Ничего нельзя знать заранее. Все здесь, в этом городе, слишком быстро и шумно, тревожно и внезапно. Но никакое наслаждение в мире не сравнится с огромным наслаждением от делового роста, от продвижения к цели, к фабрикам, к трубам, к сиренам и к власти.
Какое значение имеют все эти наговоры, презрение, все эти взгляды, полные жгучей ненависти, для человека, который идет большими шагами по растущему городу, взгляд которого устремлен выше домов, выше труб, выше клубов фабричного дыма!
В ресторанах, на рынках, на биржах стали говорить о Симхе-Меере, с восхищением рассказывать о его прорыве.
— О нем еще услышат. Он далеко пойдет, — пророчествовали на его счет деловые люди.
Купцы постарше не могли спокойно этого слышать.
— Так не поступают, — утверждали они. — Да еще и с собственным тестем. Где же справедливость!
— Тупицы! — с презрением говорили молодые лодзинские дельцы старым. — Справедливость в Лодзи не товар. Это вам не хлопок!

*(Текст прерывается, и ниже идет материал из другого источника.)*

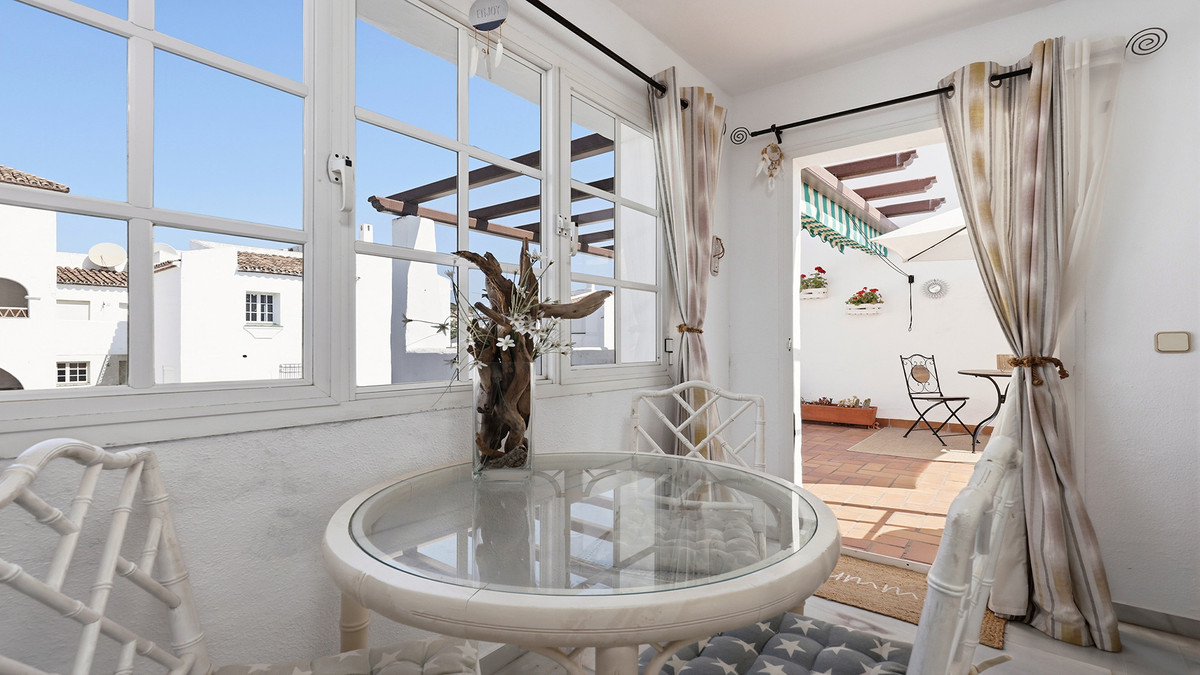 2 Bed Apartment for sale in La Duquesa Costa Del Sol, Málaga, Spain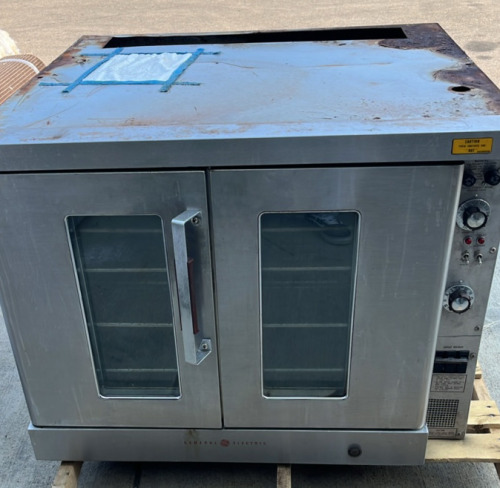 (1) General Electric Convection Oven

— Да, на бирже она не котируется, — подтверждали это мнение биржевые маклеры и тушили выкуренные папиросы в последних каплях пива, оставшихся в их кружках.
Глава двадцать первая
Во дворце Хайнца Хунце, выстроенном при фабрике, отделенном ото всех окрестных зданий крепкой железной оградой и охраняемом двумя большими собаками, было шумно и многолюдно. Старый Хунце вечно ссорился с сыновьями и дочерьми. В свои семьдесят с лишним старик был еще здоров и работоспособен. Он целые дни проводил на фабрике, ходил между станками, заглядывал в складские помещения, совал нос в бухгалтерские книги, хотя и мало понимал в цифрах, проверял краски. Он во все вникал, за всем следил. Ему нужно было знать каждую мелочь. Глуховатый от старости, он держал ухо востро. Его директора обсуждали с ним каждую партию шерсти и хлопка, которые закупались в Англии. Инженеры представляли ему свои планы по поводу каждого усовершенствования и новшества. Химики не решались использовать краситель, если он его еще не видел. Создатели образцов не вводили в узор ни цветка, ни полоски без его одобрения. Адвокат фабрики не начинал судебный процесс, не обговорив его с ним во всех деталях. Хайнца Хунце занимало все — от миллионной транзакции до мельчайшего события на фабрике, когда какой-нибудь рабочий терял из-за машины палец или жизнь. Состарившийся, тугой на ухо, назойливый и к тому же простоватый, с трудом вникавший в суть новинок и современных понятий, Хунце тем не менее держал в руках целую фабрику, ни на минуту не ослабляя хватку. Он приходил на фабрику до рассвета, вместе с рабочими, и уходил поздней ночью.